The judges ruled unanimously that the case should go forward, and the matter was soon settled out of court, with the board of education agreeing to raise Gibbs’ salary to what white teachers make over a two-year period.
Marshall continued his fight for civil rights throughout Maryland and the entire country and eventually led the successful charge in Brown v Board of Education. As a result, American schools were integrated.
Montgomery County went on to become the first county in Maryland to completely end school desegregation, although that didn’t happen until 1961.
However, education for black students began improving in the 1950s when more modern elementary schools were built for them that were “generally on a par with white schools,” Buglass said.
A marker commemorating the Gibbs case currently sits in front of the vacant Rockville courthouse, but Buglass said the historical society is “working to get a better marker there.”
He explained, “To me, it’s just a remarkable story, right here in Montgomery County, to argue this case.”
Marshall’s work with Gibbs “is considered the very first victory in segregation in kindergarten through twelfth grade public education,” Buglass said, adding, “That was his only appearance here in Rockville.”
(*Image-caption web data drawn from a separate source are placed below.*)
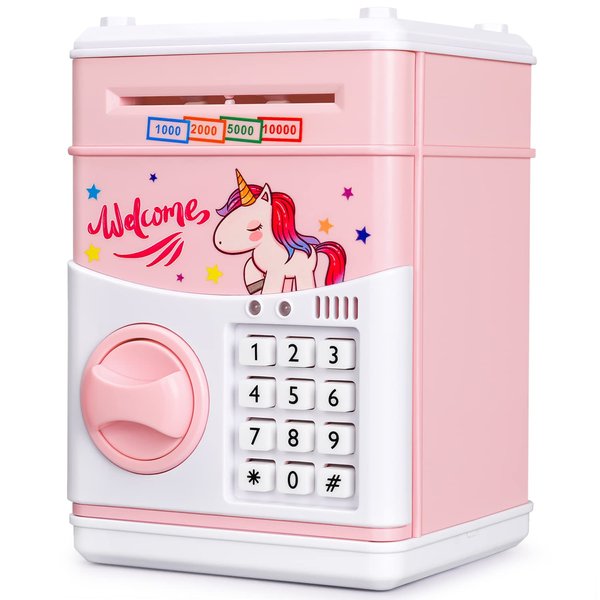 KMiKE Electronic Unicorn Piggy Bank for Kids Cash Cartoon ATM Money Saver Bank for Kids with Password & Music Great Gift Toy for Kids Children (Pink Unicorn)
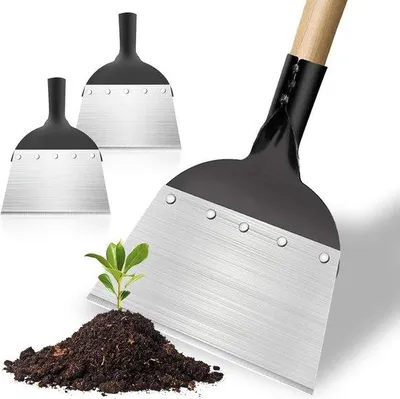 Produktbild von Famanu Multifunktionale Gartenschaufel - Unkraut- und Reinigungswerkzeug - Metall flache Schaufel - 23 x 25 cm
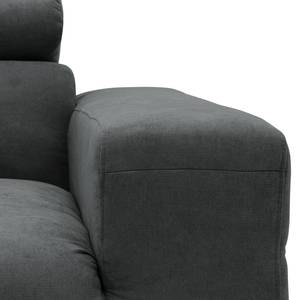 Ecksofa Freetown mit Longchair Microfaser Meli: Dunkelgrau - Longchair davorstehend links - Keine Funktion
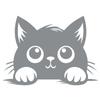 GRAZDesign Cute Cat Wall Decal for Living Room, Bedroom, Hallway – 69 x 50 cm, Medium Gray view 2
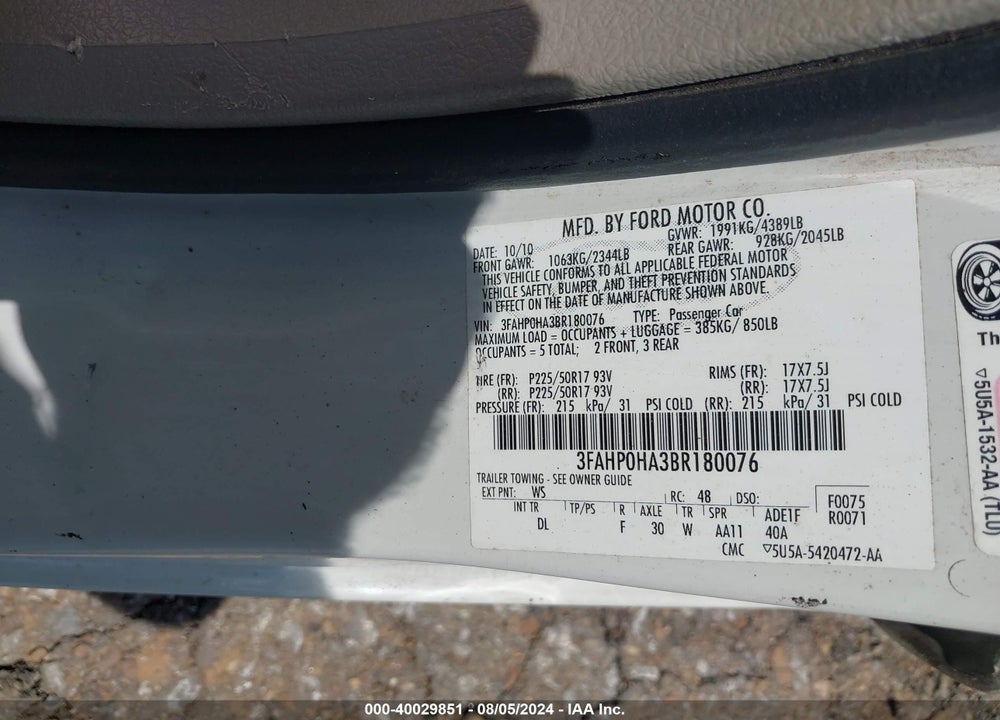 2011 FORD FUSION SE VIN: 3FAHP0HA3BR180076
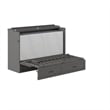 Alpine Queen Wood Murphy Bed Chest with Mattress & Built-in Charger in Gray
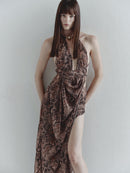 Snake Print Chiffon Dress with Gold Pleated Hand-Made Accessory
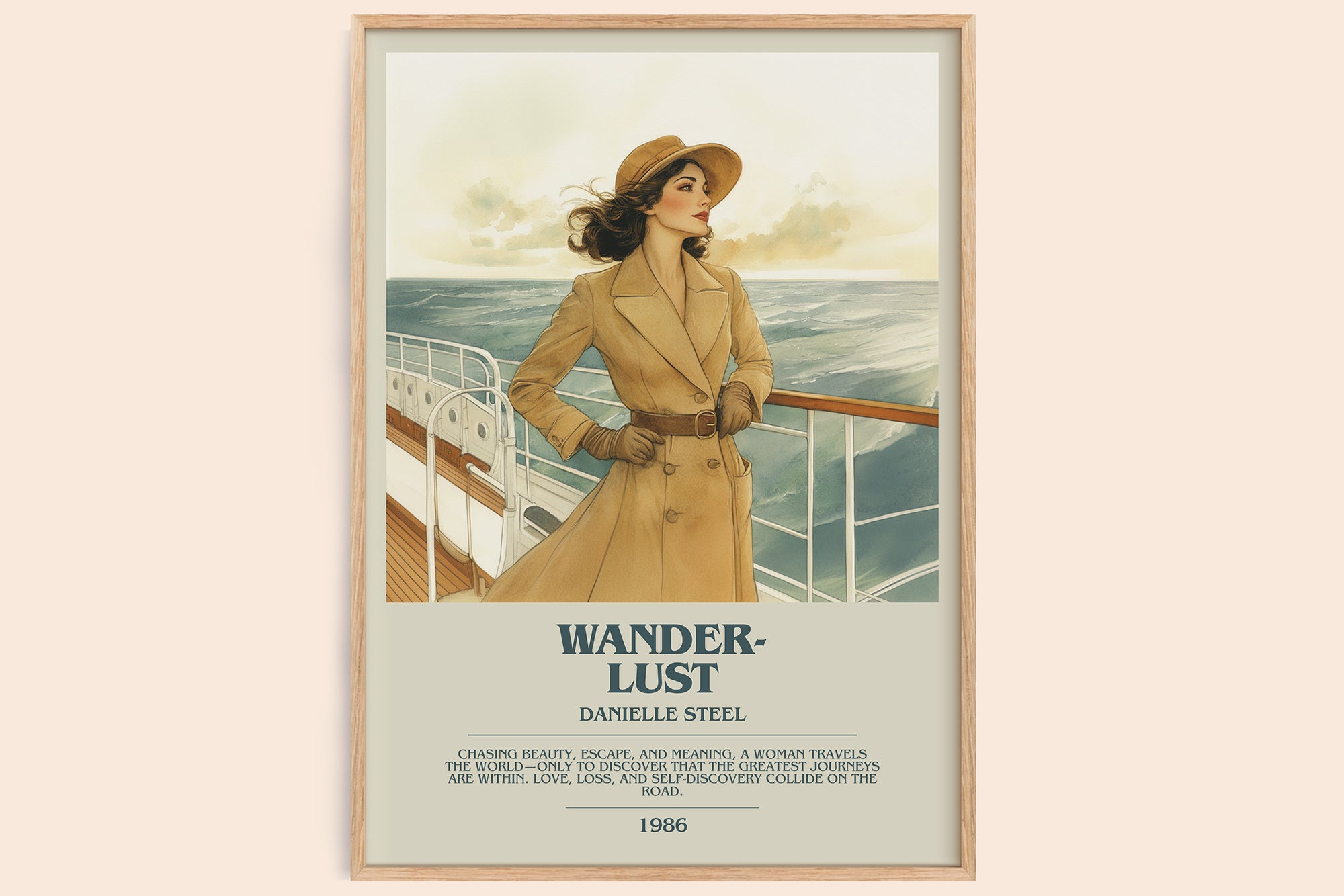 Wanderlust bookish book poster by Danielle Steel – framed literary art print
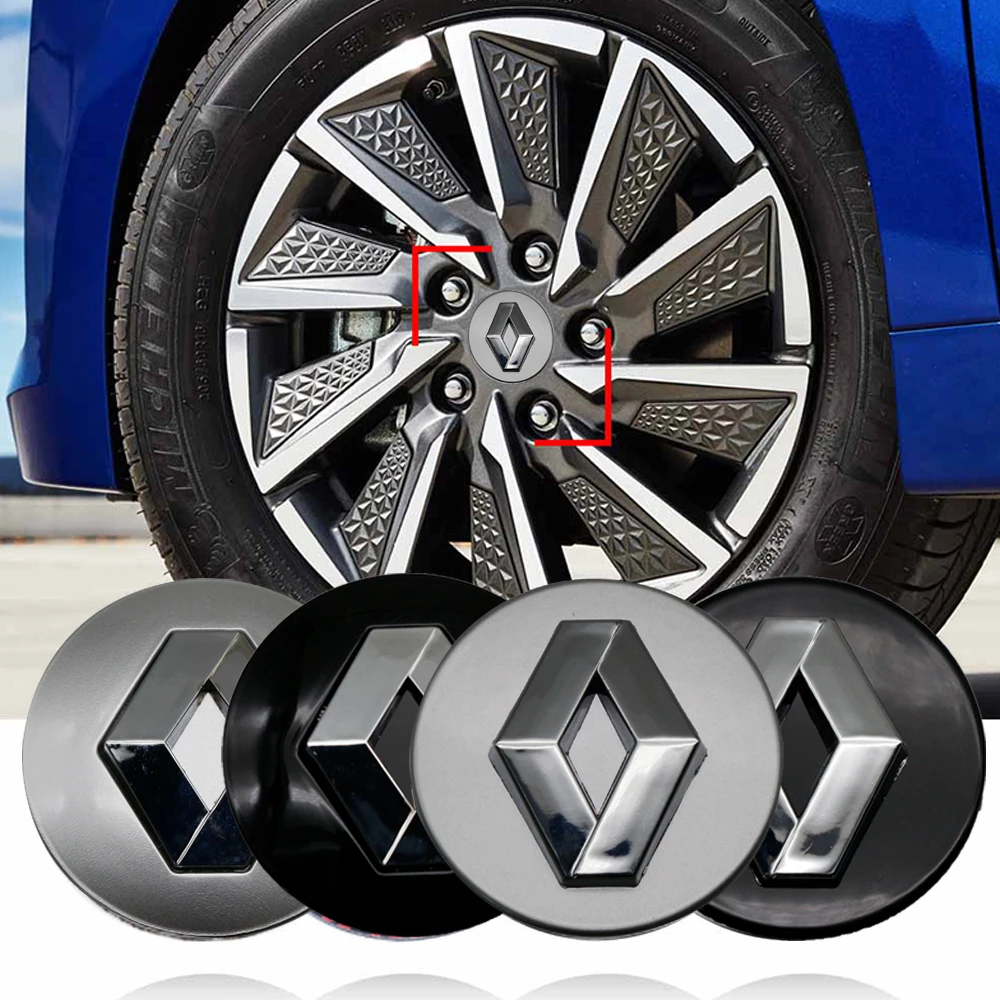 4Pcs 57/60mm Car Wheel Hub Center Caps Rim Cover Badge For Renault RS Koleos Captur Kadjar Megane 2 3 Clio 4 Scenic Accessories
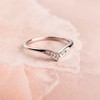 TJC White Diamond Wishbone Ring for Women in Platinum Plated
The William B. Gibbs Jr Elementary School in Germantown was named in Gibbs’ honor.
Marshall lived from July 2, 1908 to January 24, 1993. He was appointed to the U.S. Supreme Court in 1967. Following his nomination by Pres. Lyndon Baines Johnson, Marshall faced stiff opposition from some members of both political parties. He went on to be confirmed by a vote of 69 to 11.
“By and large, Thurgood Marshall was known for his civil rights work, thus earning him the name ‘Mr. Civil Rights,’” Buglass said, noting there was a movie documentary on Marshall bearing that title.
In that documentary, U.S. Supreme Court Justice Elena Kagan, who clerked for Marshall, called Brown v. Board of Education historic. “I don’t know of a legal decision in this country that was greater,” she said in the documentary.
Marshall went on to fight for the underdog throughout his lengthy judicial career.
And he spoke with the conviction of someone who knew injustice. Even Marshall was deemed unfit for all-white schools. He attended law school at Howard University when the University of Maryland did not accept colored students.